WASHINGTON — U.S. employers advertised the most job openings in nearly five years in February, but they boosted hiring at a much slower pace. The figures suggest that companies remain too cautious about the economy to quickly fill open jobs.
The number of openings rose 8.7 percent in February from January to a seasonally adjusted 3.93 million, the Labor Department said Tuesday. That was the most since May 2008.
At the same time, companies hired a seasonally adjusted 4.4 million people, just 2.8 percent more than in January. And hiring remains lower than it was a year ago, when it reached 4.49 million.
Economists point to several likely reasons for the disparity between a surge in job openings but only a modest rise in hiring. Many unemployed workers may lack the skills employers want. Some companies may not be offering enough pay.

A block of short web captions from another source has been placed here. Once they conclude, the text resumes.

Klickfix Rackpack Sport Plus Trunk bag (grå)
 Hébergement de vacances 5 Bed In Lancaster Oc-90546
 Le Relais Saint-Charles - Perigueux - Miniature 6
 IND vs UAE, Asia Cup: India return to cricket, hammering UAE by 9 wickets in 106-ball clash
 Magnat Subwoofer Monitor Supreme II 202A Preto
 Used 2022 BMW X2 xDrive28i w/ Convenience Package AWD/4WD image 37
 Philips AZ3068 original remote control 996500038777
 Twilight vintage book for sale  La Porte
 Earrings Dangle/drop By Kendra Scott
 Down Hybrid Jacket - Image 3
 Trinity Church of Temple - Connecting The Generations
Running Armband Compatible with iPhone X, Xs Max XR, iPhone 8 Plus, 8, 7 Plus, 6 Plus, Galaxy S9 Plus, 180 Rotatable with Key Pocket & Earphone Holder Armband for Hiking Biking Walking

And recruiting and staffing firms say some employers seem reluctant to fill jobs until they find what they regard as perfect candidates.
U.S. hiring slowed sharply in March, despite the increase in job openings the previous month. Employers added only 88,000 jobs last month, the government reported Friday. That was the fewest in nine months and nearly half the pace of the previous six months.
Some companies may also have slowed hiring after steep government spending cuts began taking effect March 1. Those cuts are expected to shave about a half-point from economic growth this year.
There were 3.1 unemployed people, on average, for each opening in February. That exceeds the roughly 2-to-1 ratio typical of a healthy economy. But it’s down sharply from a peak of 6.7 in July 2009, the highest in the 12 years the government has tracked the data.
Still, until employers start filling jobs more quickly, the ratio of unemployed people to openings may overstate the health of the job market.